The museum was constructed at the Camden Station which used to be a stop on the B&O Railroad. Constructed between 1856 and 1857 this railroad stop served both passenger and freight trains. Even president Abraham Lincoln traveled through Camden Station on his way to his inauguration, and his final trip on his own funeral train. Since being closed in the 1980s, the Sports Legend Museum occupied the space until its location had been moved. The recent tenant in Camden Station is Geppi's Entertainment Museum, which closed on June 3, 2018. The Camden Station is currently left vacant.

Babe Ruth Birthplace and Museum

Birthplace 
Babe Ruth was born in 1895 to parents George Sr. and Kate in Baltimore, MD, in a house near the site of the original Orioles ballpark, today known as Oriole Park at Camden Yards. His childhood home is located in the old Ridgley's Delight neighborhood close to the Inner Harbor. The house became a tourist attraction in the early 1980s to preserve its history. A local group of Babe Ruth fans and Baltimore historians took action to have the city support a museum in Babe's honor, after almost being demolished in the early 1970s. In 1973, Babe Ruth Birthplace Foundation opened a non-profit museum to the public in honor of Babe Ruth's Birthplace.

Museum 
The Babe Ruth Museum has been run by Mike Gibbons, the Executive Director, for 23 years. The collection continued to grow through the 1990s. The museum houses a collection of artifacts from Ruth's life, including some rare baseball cards and the earliest known signature of Ruth, from when he was still pitching in the schoolyard. The original museum underwent renovations to increase space, improve accessibility, and enhance the overall facility in 2006.

Events

Dew Tour 

The Dew Tour has two separate events: summer and winter. The Dew Tour gives street skiers, skaters, snowboarders, etc., the chance to participate with mainstream contenders. This is a chance that street contenders have not had before, and it gives skiers a chance to participate in the Winter Olympics. The Panasonic Dew Tour held in 2007 offered a total of $2.5 million in prizes.

Baltimore Marathon 

The Camden Yards Sports Complex is home of the Baltimore Marathon, which is arguably "one of the best races on the east coast." In 2016, the race will start on October 15 and features a variety of different races. The Baltimore Marathon includes the full marathon, half marathon, team relay, 5K, kid's fun run, and the BaltiMORON-a-Thon.
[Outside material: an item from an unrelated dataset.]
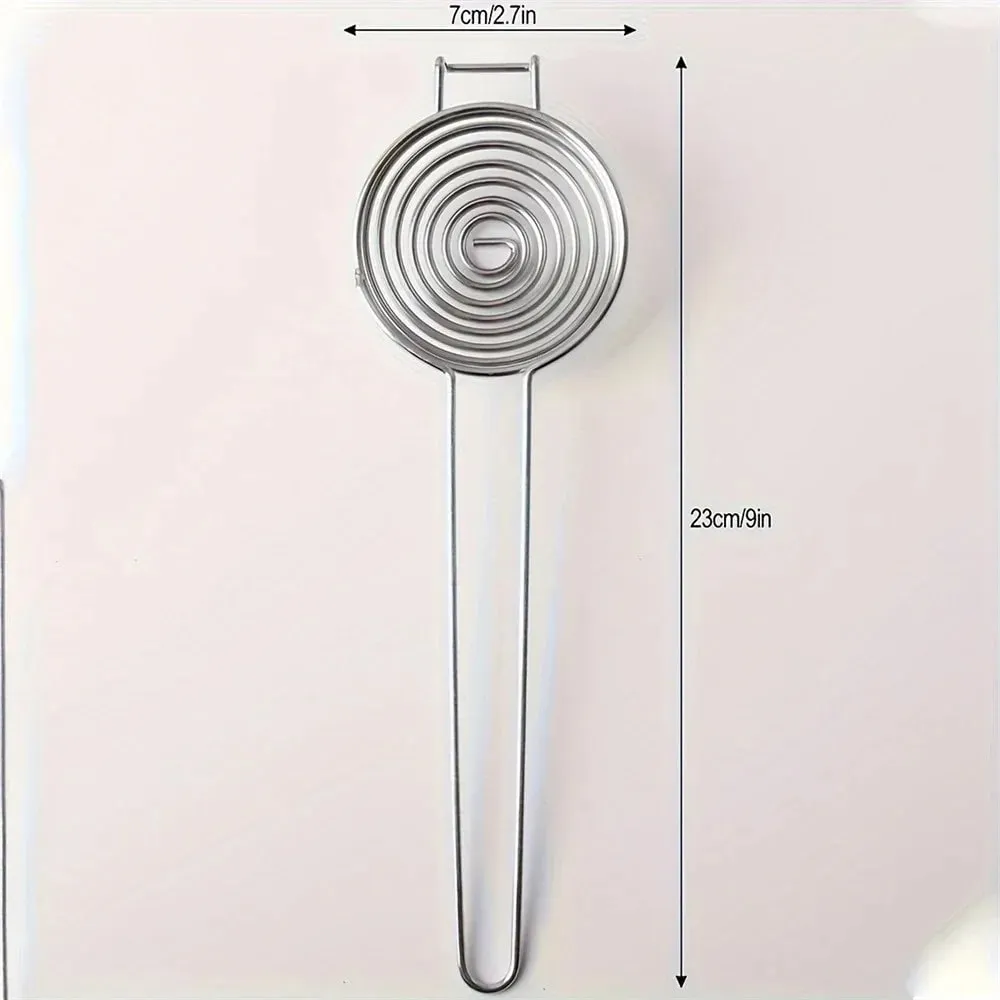 Egg Separator Long Handle Egg White Separator Food Grade Stainless Steel Egg Yolk Divider Filter Kitchen Gadget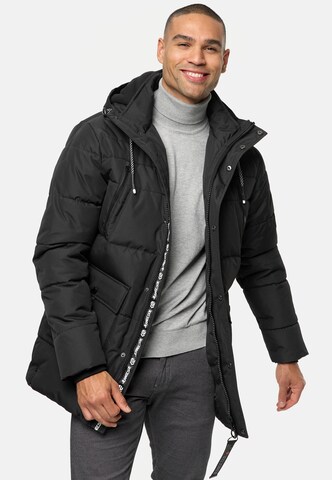 INDICODE JEANS Winter jacket 'Wess' in Black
People of all ages can participate in specific events (according to age) and prices range from $15 to $280. The race began in 2001, and still follows the same course as the original race. It begins at Oriole Park at Camden Yards then winds its way through the streets of Baltimore passing by the Inner Harbor, Fells Point, Patterson Park, and many other sites in the city, ending in the same spot it began. The race is a total of 26.219 miles long. At the finish line in 2012, both the male and female winners received a prize of $25,000. The race has greatly evolved from the first Maryland Marathon in 1973.

African American Festival 

The Camden Yards Sports Complex is also home to the African American Festival (or Afram). The African American Festival is a social gathering of the people of Baltimore where they come to celebrate African American music and culture. The festival is filled with various artists including poets, singers, rappers, entrepreneurs and other performers. The African American Festival has been taking place since 1976 and has featured appearances from people such as Ray Lewis, Vivica A. Fox, Elise Neal, Traci Braxton, the rapper Common, and much more. There is fun and games for children to participate in and everyone enjoys the family oriented vibe. It is one of the largest cultural events on the east coast and welcomes more than 350,000 people annually every summer. There is usually more than 150 vendors and two stages for entertainment. The African American Festival is a huge attraction each year.